A major concern was about the reports of large cracks in the containment domes which cover the nuclear reactors. “The containment walls are being patched, but what about the ongoing damage to the steel reinforcement from the many years of chlorine ingress?” Chlorine is a component of sea salt and is what causes steel near the sea to rust more rapidly than inland structures.


Dr Marius Joubert also spoke at the Tableview hearings, and expressed concerns about the safety of extending the life of Koeberg. “Similar to Fukushima, Koeberg has a history of project delivery problems, which has raised concerns about the plant’s safety and reliability,” he says.


Joubert is also concerned about the risk of earthquakes causing a nuclear accident. “This is because the region is located near the boundary between the African plate and the South American plate, two of the earth’s major tectonic plates. These plates are constantly moving, and then they rub against each other and can cause earthquakes,” says Joubert. He believes there is a 64% probability of an earthquake in the western part of South Africa of magnitude 8.0 or greater within the next twenty years, and Koeberg was not designed to be able to withstand such a powerful quake.

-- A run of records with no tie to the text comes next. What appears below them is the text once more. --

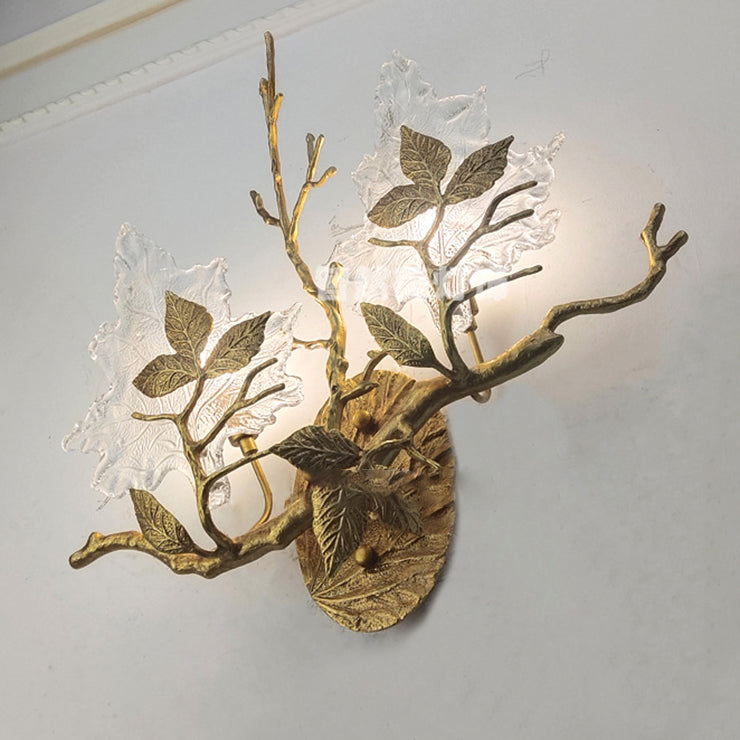 Modern Luxury Copper Colored Glass Maple Leaf Branch 2-Light Wall Sconce Lamp For Living Room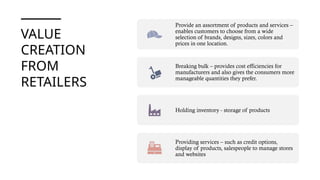 VALUE
CREATION
FROM
RETAILERS
Provide an assortment of products and services –
enables customers to choose from a wide
selection of brands, designs, sizes, colors and
prices in one location.
Breaking bulk – provides cost efficiencies for
manufacturers and also gives the consumers more
manageable quantities they prefer.
Holding inventory - storage of products
Providing services – such as credit options,
display of products, salespeople to manage stores
and websites
 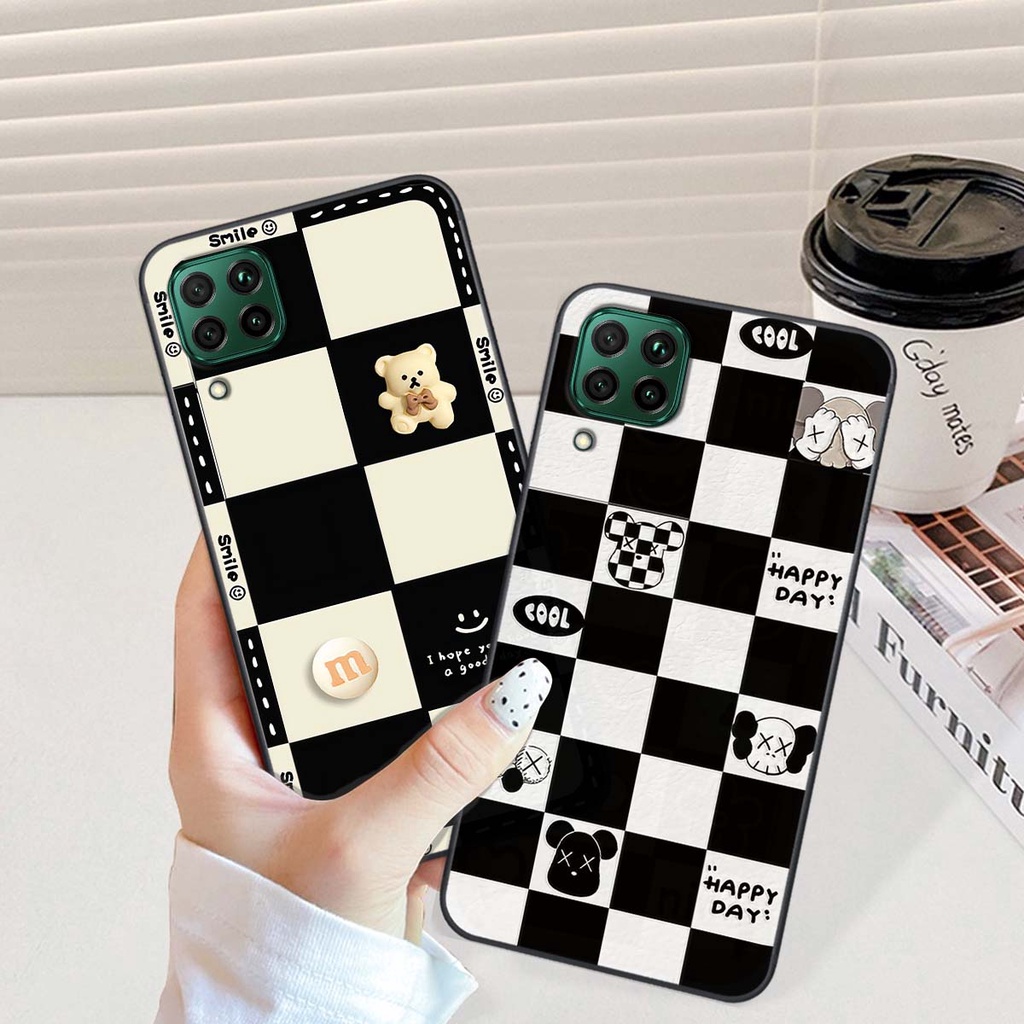 Ốp Huawei Nova 7i gấu Bear rick caro vuông thời trang siêu đẹp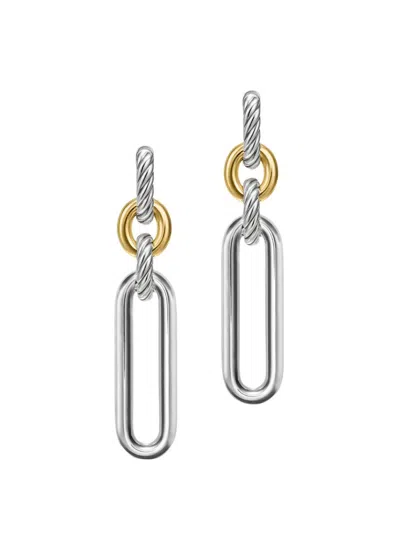 David Yurman Women's Lexington Double Link Drop Earrings In Sterling Silver With 18k Yellow Gold, 54mm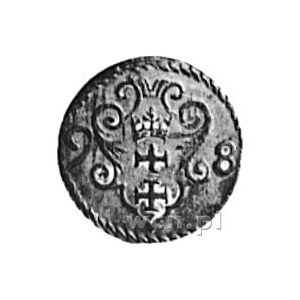 denar 1598, Gdańsk, j.w., Gum.1368, Kurp.2208 R2, ładna...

At the Atlantis hearing, Francesca de Gasparis, director of the South Africa Faith Communities Environmental Institute (SAFCEI) pointed out that “There is no plan in place to evacuate anyone further than 16 km from Koeberg, but evidence from Fukushima and Chernobyl illustrate that radioactive dust can go as far as 50 km.” The International Atomic Energy Agency (IAEA) report was also noted by de Gasparis, who expressed “concern that Eskom has not yet met many crucial safety recommendations made in this report and will only do so in many cases after the extension of the licence is granted, if at all”. The same IAEA report stated that “not all necessary data for the containment structure will be available to demonstrate the intended safety function” during the life extension period.




“With a lack of transparency, massive safety concerns, and a poor public participation process, we call for the long-term operation of Koeberg to be stopped and discarded,” says Klaasen. “It is not the least cost option, and with our leaders focusing on nuclear energy instead of renewable energy, we see that this is clearly a move for profits rather than the benefit of people.”


The proposed final public consultation on the Koeberg licence renewal will be held on Saturday, February 17th, in Athlone. He encourages the public to attend and voice their concerns with regards to a possible life extension decision without sufficient information and the lack of transparency and accountability.